■ **What you are asked to do**: Go through the listing below and output exactly the line with "The Black Haired", the line with "ABAKUS 103-03-140 - Gicleur", and each line between; omit the rest.

■ **Available records**:
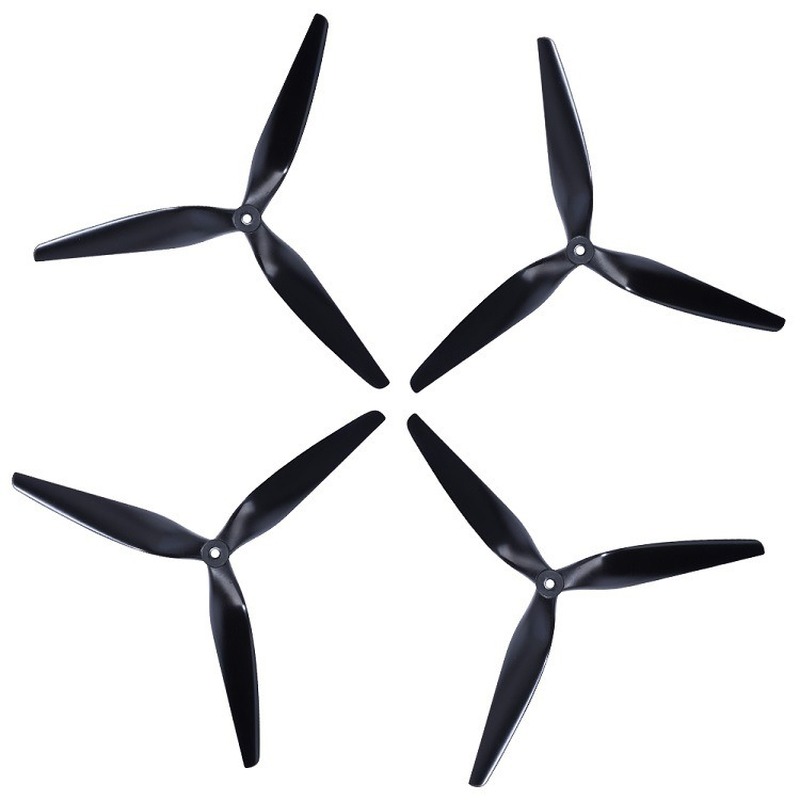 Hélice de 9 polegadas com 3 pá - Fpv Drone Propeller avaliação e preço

...

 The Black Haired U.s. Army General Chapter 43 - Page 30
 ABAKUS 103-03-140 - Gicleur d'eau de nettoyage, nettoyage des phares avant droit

■ **Response**:
 The Black Haired U.s. Army General Chapter 43 - Page 30
 ABAKUS 103-03-140 - Gicleur d'eau de nettoyage, nettoyage des phares avant droit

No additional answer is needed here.